Amy Marshall, 38, artist, Fort William: “I am utterly terrified about the unfolding climate disaster and ecological collapse. The destruction of wildlife and the wonders of nature is on a scale of magnitude that is almost too awful to grasp. The natural systems that sequester carbon are being destroyed, or are themselves under threat from rising temperatures, and may cease to function. Hearing of those who have already lost their lives or their precious children to wildfires or cyclones fills me with sorrow and despair, and makes me cling to my own two small children, fearful for our future. Governments and society seem incapable of changing quickly enough to halt our extinction. The only shred of hope I have is in Extinction Rebellion, and the idea that we can radically change our system of government. We could have a better democracy, where Citizen’s Assemblies make decisions on climate change, free from oil interests. That is why I am out here today, dressed for a funeral: to highlight the true cost of oil, what we are losing, and the danger of leaving decisions up to politicians who are in thrall to the oil industry.”
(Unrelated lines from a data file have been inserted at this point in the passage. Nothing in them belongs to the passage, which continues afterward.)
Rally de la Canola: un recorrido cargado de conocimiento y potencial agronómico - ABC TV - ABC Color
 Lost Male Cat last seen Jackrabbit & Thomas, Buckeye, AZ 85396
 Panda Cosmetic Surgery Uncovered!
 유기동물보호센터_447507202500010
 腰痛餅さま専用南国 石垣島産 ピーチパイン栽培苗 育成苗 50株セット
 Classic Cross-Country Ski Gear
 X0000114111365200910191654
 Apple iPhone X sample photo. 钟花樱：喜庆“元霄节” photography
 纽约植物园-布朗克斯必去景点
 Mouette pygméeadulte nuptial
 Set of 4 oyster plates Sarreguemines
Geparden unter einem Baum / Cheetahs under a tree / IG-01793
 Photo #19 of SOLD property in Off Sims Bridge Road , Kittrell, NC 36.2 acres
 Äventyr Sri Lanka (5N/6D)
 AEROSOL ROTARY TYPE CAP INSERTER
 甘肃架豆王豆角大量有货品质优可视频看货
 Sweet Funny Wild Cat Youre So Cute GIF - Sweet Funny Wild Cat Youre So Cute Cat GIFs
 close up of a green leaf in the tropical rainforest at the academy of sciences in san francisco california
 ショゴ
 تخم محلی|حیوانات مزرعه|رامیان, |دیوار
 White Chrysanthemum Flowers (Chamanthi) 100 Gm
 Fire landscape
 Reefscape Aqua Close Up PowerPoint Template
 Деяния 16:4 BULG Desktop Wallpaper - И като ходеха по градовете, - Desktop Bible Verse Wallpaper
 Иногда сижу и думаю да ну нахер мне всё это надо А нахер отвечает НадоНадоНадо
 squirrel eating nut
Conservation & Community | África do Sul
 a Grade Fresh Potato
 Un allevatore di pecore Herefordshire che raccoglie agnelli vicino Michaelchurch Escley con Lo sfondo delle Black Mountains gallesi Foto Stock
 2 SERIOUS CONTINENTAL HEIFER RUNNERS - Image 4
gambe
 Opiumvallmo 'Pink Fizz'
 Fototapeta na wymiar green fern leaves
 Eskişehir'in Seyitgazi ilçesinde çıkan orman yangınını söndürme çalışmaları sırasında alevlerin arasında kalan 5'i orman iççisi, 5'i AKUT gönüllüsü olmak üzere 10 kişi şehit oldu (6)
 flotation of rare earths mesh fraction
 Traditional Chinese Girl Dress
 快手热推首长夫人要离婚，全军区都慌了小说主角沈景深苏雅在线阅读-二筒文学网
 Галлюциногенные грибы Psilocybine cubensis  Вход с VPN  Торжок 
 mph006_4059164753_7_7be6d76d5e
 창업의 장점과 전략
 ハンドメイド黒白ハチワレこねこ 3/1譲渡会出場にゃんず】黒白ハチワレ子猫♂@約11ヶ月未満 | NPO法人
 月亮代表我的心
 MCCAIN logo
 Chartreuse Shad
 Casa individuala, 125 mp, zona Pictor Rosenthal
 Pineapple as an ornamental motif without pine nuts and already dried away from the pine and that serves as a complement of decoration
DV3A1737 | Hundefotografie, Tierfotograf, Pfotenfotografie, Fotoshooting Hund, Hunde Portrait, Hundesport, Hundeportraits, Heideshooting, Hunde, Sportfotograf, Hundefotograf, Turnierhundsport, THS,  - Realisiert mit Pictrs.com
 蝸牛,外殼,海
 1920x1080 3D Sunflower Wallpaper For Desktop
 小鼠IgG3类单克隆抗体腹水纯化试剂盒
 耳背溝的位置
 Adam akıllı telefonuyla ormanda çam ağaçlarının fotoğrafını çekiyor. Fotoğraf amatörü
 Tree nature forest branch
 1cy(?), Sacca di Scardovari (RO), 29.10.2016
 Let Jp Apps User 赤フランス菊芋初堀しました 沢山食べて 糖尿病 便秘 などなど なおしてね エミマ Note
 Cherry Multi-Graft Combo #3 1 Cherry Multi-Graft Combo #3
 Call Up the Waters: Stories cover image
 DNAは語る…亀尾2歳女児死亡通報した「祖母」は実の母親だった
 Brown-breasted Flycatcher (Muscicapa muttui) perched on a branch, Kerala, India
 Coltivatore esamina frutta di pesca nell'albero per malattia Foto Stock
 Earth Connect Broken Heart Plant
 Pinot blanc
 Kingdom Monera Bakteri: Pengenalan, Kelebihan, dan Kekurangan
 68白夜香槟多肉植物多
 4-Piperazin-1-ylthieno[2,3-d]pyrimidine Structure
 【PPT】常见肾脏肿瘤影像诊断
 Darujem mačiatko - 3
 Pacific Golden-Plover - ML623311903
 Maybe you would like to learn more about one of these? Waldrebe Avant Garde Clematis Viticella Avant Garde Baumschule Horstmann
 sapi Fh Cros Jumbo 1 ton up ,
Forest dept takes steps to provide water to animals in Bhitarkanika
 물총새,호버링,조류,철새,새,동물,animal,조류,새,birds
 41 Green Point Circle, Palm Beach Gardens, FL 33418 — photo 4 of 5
Paul Mather, 43, geography teacher, Aberdeen: “Our climate is breaking down around us. The warnings given by the scientific community have been stark and clear. We must act now, decisively and with immense urgency to stop extracting and burning fossil fuels. As a company which profits from a product that threatens our very existence, BP is in a pivotal position to help us protect ourselves. There is a moral imperative for BP to keep its fossil fuel assets in the ground.”

Andrew Squire, 64, architect, Fort William: “I’m part of the BP protest primarily because I have two young grandchildren and I am terrified for their future and that of their generation, if the environment continues to be wrecked by massively wealthy corporations in their endless quest for greater profits.”

BP have consistently demonstrated that their culpability exceeds mere negligence. Extinction Rebellion demands that the British Government hold them and others like them to account for their actions, and prohibit further exploration of natural gas and oil reserves.

Extinction Rebellion Scotland will continue to campaign for a rapid and just transition to renewable energy sources to reduce CO2 emissions to net zero in the UK by 2025. Meeting this objective requires an end to further use of harmful energy sources such as offshore oil and gas.